The youngest player on the St. Louis roster at 21 years old, Schwartz knows he's not built like some of his teammates. At 5-foot-10 and 190 pounds, he more closely resembles a goalie than some of the big and bruising power forwards in the NHL.
But that's also one of the attributes that makes him special.
Schwartz knows he has to work hard every shift and he does just that every time out. That's why the left winger has won over his coach, his teammates and fans and become a valuable contributor on one of the best teams in the NHL in just his second full season.
"I think this is the evolution of a really good player, but the confidence for me came in the Los Angeles series and he's just carried it into this season," Blues coach Ken Hitchcock said. "He's a great 200-foot player and I think if you have enough of those guys, that's what wins you championships. He's going to be a good player on this team for a long time. He doesn't get near enough credit for being such a great penalty killer."
Going into Monday's game at Ottawa, Schwartz was tied for fourth on the team in goals (8), tied for fifth in assists (14) and sixth in points (22). His plus-13 is tied with Alexander Steen for second-best on the Blues behind Jay Bouwmeester (plus-14).
In his first 31 games this season, he had already surpassed his performance from his 51 combined games the previous two seasons when he recorded nine goals and seven assists for 16 points.
Schwartz's three points in the win against the Maple Leafs on Thursday, which earned him the No. 1 star, capped off a stretch of 12 points (five goals, seven assists) in 11 games.
"I think that's just being consistent -- being focused and energized each game," Schwartz said. "When you're watching and hoping, that's when things aren't going to go well. So I try to move my feet and work as hard as I can when I'm out there. I like playing with the linemates that I'm with for sure and I'm getting good opportunities. When you're playing more and touching the puck you're going to get a little more confidence as you go and I feel like that's playing a big part."
Teammates have also noticed the Saskatchewan native's growing confidence. The Toronto game was just the 82nd of his NHL career.
"I think he's finally feeling confident and comfortable in his role and a guy that's got as good a shot as anyone and works his butt off. And as short and stout as he is, he goes up there against the biggest guys and comes out of the corners with pucks," Backes said.
Schwartz and center Vladimir Sobotka, similarly sized at 5-10 and 197 pounds, have been a productive pair that has contributed more than stats can accurately measure.
Whoever they have been paired with -- Vladimir Tarasenko or Chris Stewart or whomever Hitchcock can come up with -- has seemed to benefit from the duo's hard work and tenacity.

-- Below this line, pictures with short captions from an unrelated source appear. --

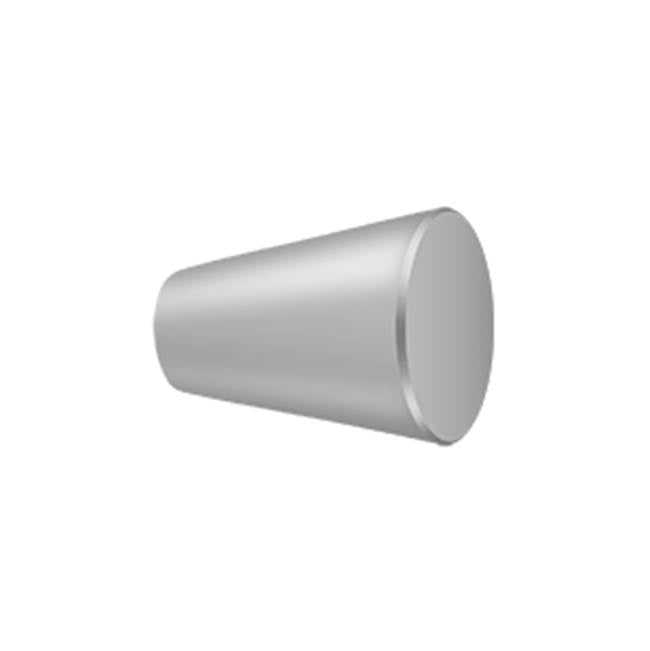 Deltana KC20 Knob Cone Cabinet 1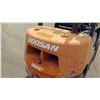 Image 16 : 06 Doosan D30S-3 Forklift 6k Capacity - Diesel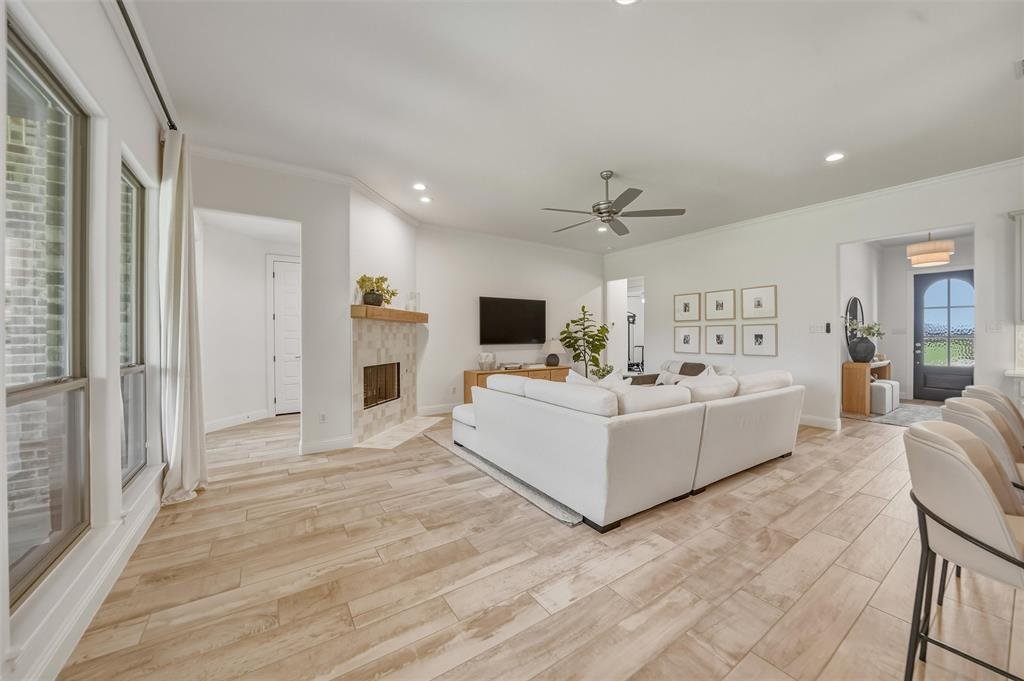 House in Fort Worth, Texas, United States 5 - 18205183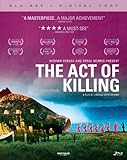 The Act of Killing [Blu-ray] + Digital Copy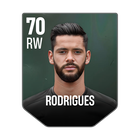 RODRIGUES
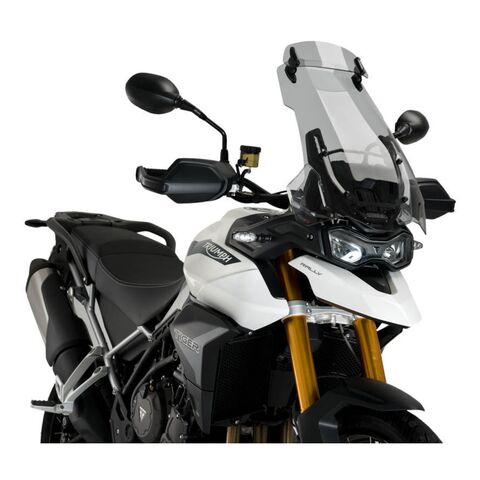Puig Touring Windscreen Triumph Tiger 900 / 850 Sport 2020-2026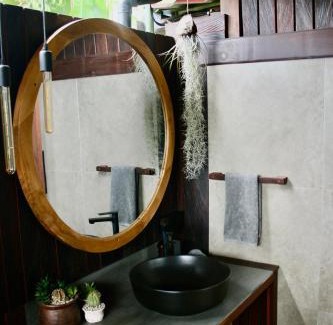 Suraberata Villa | Balian Surf and Sand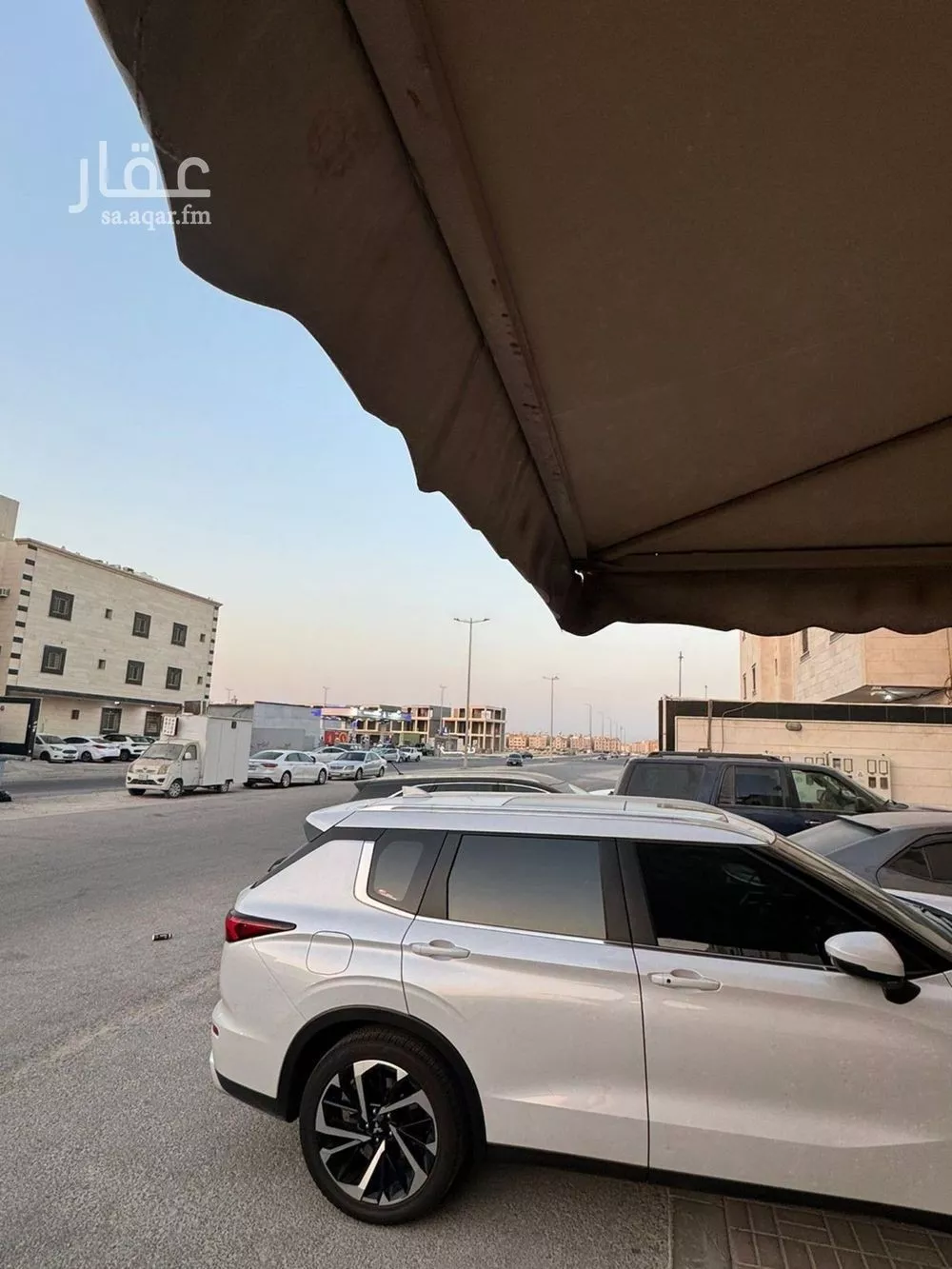 5 bedroom apartment in An Nur 3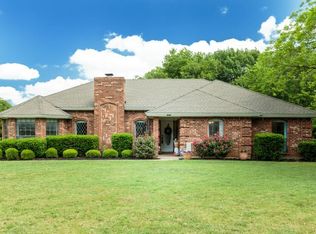 1001 Conchos Cir E, Keller, TX 76248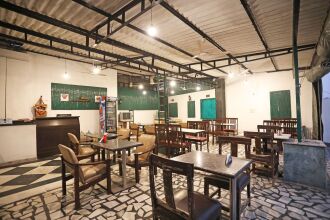 Oyo 10750 Hotel Vivek, фото 5 Oyo 10750 Hotel Vivek, фото 5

"They set the tone a lot of the time with hard work and if you're right next to them not trying to keep up with them or trying to have that same level, it's going to be pretty obvious," Backes said. "I think that's kind of what drags guys in. When you're playing with two guys working their butts off you can be pretty successful if you get three."
Schwartz said he and Sobotka share a lot of qualities.
"I think he's a very, very hard worker," Schwartz said. "When he gets the puck he's going to make a strong play. When the play's there to make a pass or shot, he's usually going to make the right one. So he's a smart player that works extremely hard and he's good in all three zones, which is key for us."
Schwartz described Sobotka as a guy that other players look up to, who is hard to play against, is good on face-offs and is fun to watch.
"I think last year we played a couple games together but we never really stuck together," Schwartz said. "I was excited to play with him. We're both guys who like to put our work boots on every shift. He creates a lot because of that. He creates a lot with his speed and his tenacity and that's something I try to do as well. We feed off each other pretty well."
And the Blues, in turn, have fed off of Schwartz and Sobotka.